Stored data entries
☆ ☆ ☆ ☆ ☆

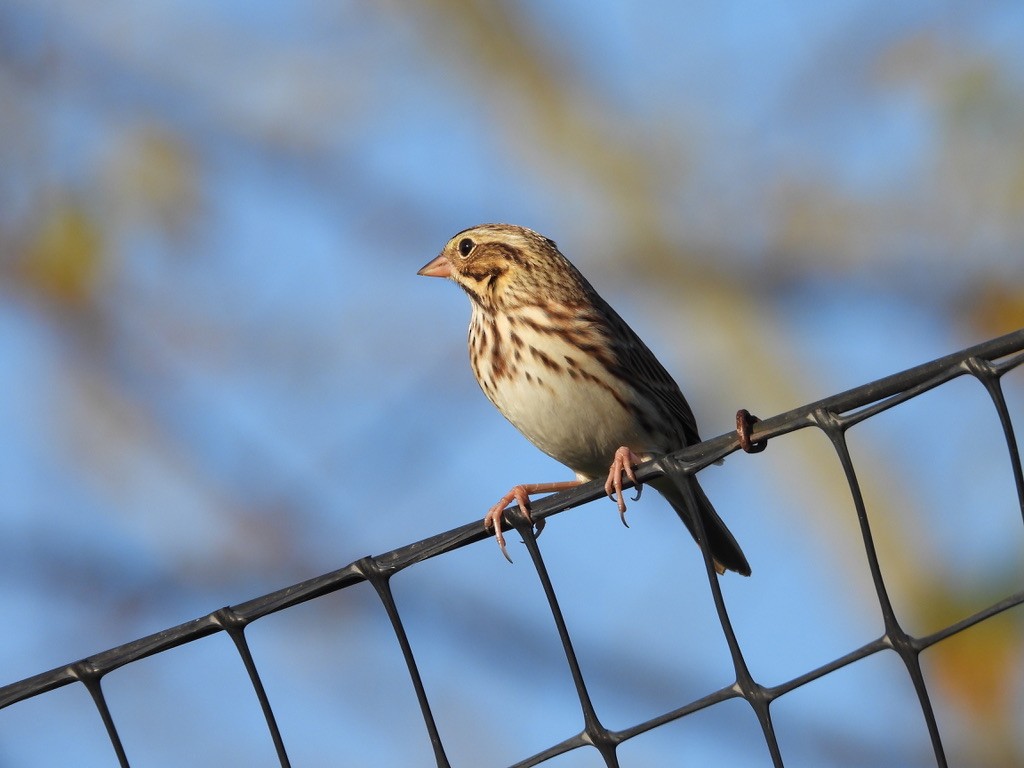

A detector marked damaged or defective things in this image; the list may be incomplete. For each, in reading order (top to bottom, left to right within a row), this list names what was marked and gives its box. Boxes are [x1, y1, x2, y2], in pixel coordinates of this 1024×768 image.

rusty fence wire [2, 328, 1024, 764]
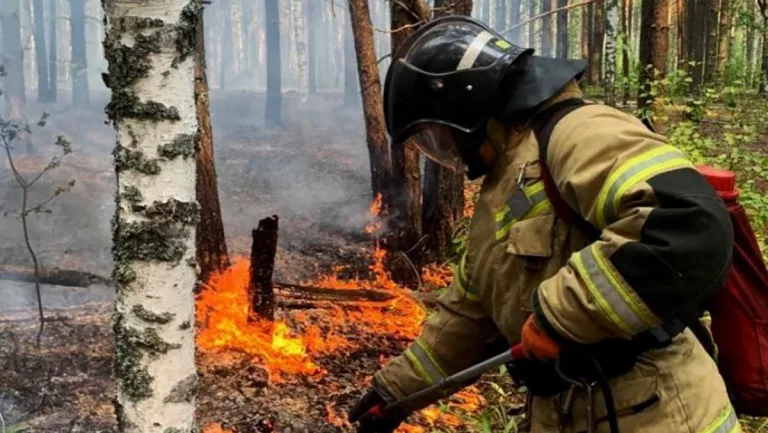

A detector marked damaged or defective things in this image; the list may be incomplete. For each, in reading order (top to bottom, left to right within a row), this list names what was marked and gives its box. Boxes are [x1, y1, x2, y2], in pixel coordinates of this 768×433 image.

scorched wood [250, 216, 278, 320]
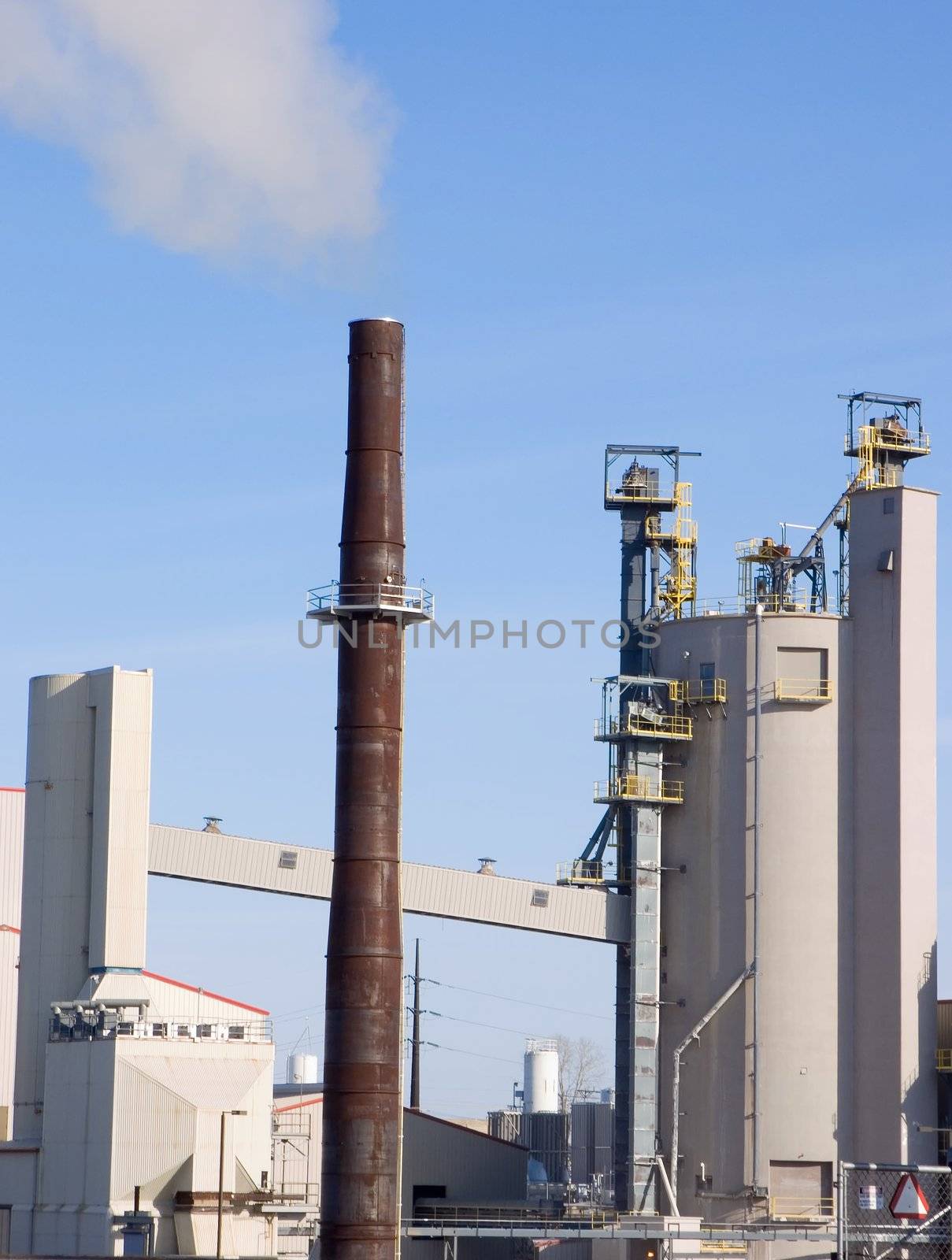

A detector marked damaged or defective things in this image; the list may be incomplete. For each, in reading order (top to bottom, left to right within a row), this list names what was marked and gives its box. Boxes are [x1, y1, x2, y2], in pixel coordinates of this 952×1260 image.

☆ ☆ ☆ ☆ ☆

■ Task item
The answer consists of the lines from the one holding "this 768×433 image." to the end of the records, inclusive, restated exactly and without pictures.

■ Answer box
A detector marked damaged or defective things in this image; the list may be incomplete. For each, in reading order (top to bottom, left to right within a row), this list names what was marked and gives its box. Boxes are [x1, y1, x2, y2], in pixel coordinates of this 768×433 image.

scorched wood [250, 216, 278, 320]

A detector marked damaged or defective things in this image; the list may be incomplete. For each, in reading order (top to bottom, left to right within a row), this list names what was marked and gives its box. Boxes are [x1, y1, x2, y2], in pixel coordinates of this 952×1260 image.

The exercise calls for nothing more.